Curfew and other vices

I’m starting to freak out a little about appropriate behavior during our three months on the Africa Mercy. And it’s not the kids’ behavior that concerns me….

I’m not a rule follower.  There I said it.

I have never been a rule follower.

My job is to question the rules.  Sometimes this has served me well (and benefited the processes, companies, service agencies, etc. around me).  Sometimes, well, not so much.

I think I’m in trouble.

Unfortunately, here’s where I have to admit that the last time I got spanked (yep – true story). I was fifteen-years-old and had disobeyed the ship rules by going on a deck which those under sixteen were only allowed on with an adult (it was deemed unsafe). And I got caught. Oops.

And, Dreamboat and I are taking the family to volunteer with Mercy Ships for three months. In Africa.

Alcohol and smoking are not permitted on the ship due to insurance reasons. I get that.  But here’s my secret hope: maybe they’ll reconsider when they meet my kids and realize we’re homeschooling for the first time in our lives, and when I convince them that being a parent and being in Africa and after a long day and when I’m longing for some peace and quiet, or had a really rough mentoring session with some of the crew, or want some alone time, or want to kick off a deep conversation with Dreamboat, or enjoy a good book, or need to really focus and prepare my management training classes for the following day…a glass of wine or good whiskey is the perfect answer to all of it.  And, I’d even go for bad whiskey…not yet sure about bad wine.  But, after a real scorcher of a day, I’m betting I would.

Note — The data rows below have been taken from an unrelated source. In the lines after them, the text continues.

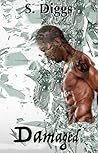 Damaged (Murky Miami Series Book 1) Damaged (Murky Miami Series Book 1)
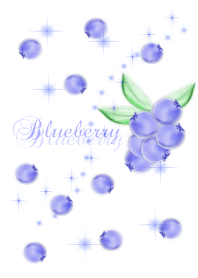 Sweet Sweet Blueberry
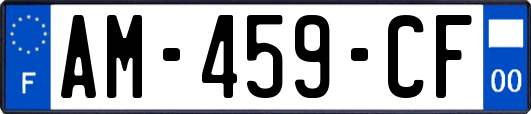 AM-459-CF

Smoking is not a temptation for me.  So, I’m good there. Whew.

So, at Bunko the other night, I asked the girls for advice on what to do if the ship doesn’t change their minds.  By the way, I’ve never yet played Bunko.  We talked. And drank good wine. And after you hear what we came up with, you’ll realize it was more than just one glass.

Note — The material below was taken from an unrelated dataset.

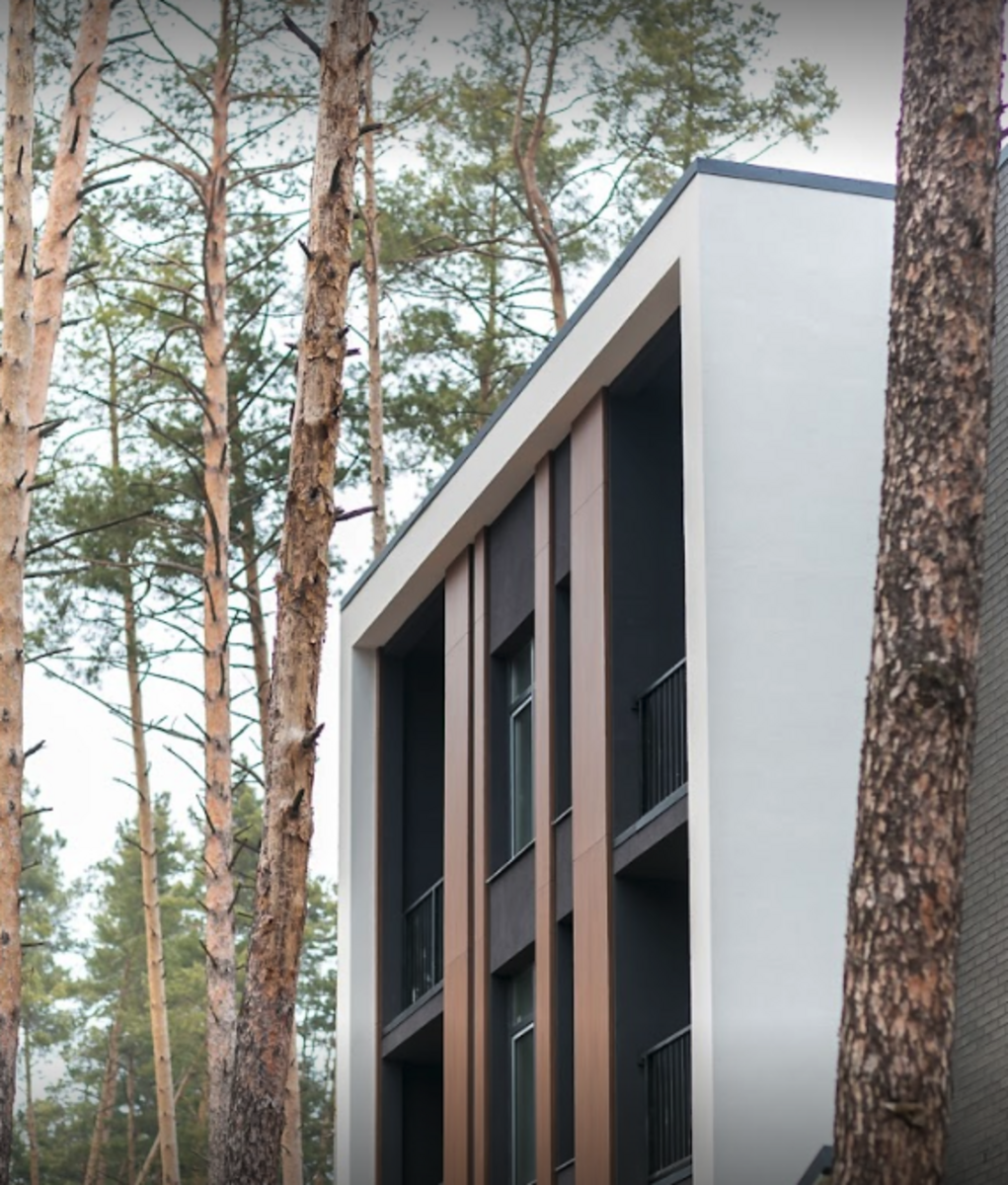 Forest Park ����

Their fantastic advice was for me to take up chewing tobacco in those little pre-stitched packages. I think it’s called “Snuff”.  The thinking is that I won’t be breaking any rules that could invalidate the ship’s insurance.  And, it would provide me with a quick and easy way to just chill and take the edge off.  And I wouldn’t have to deal with spitting out loose tobacco and carrying around some sort of receptacle all day.

And you know what?  It’s a viable option. I’m considering it.

I realize a mature adult would request someone in HR send me a list of official guidelines.  I haven’t. I’m too terrified of how long the list will be and that the part of me that doesn’t like to follow rules will rear her ugly head, dig in her heels, and decide to be stubborn. I’ve seen that happen.  It’s not pretty.

So, I’ve just been planning to go off the ship, find a little café, and have a glass of wine in the evenings now and then.

And today I heard from our travel agent that one of our flights was outside of ship curfew.

Wait…what?  C.U.R.F.E.W.

Oh help.  I can’t say it out loud yet.

I can feel my inner child’s heels digging in. Just a little.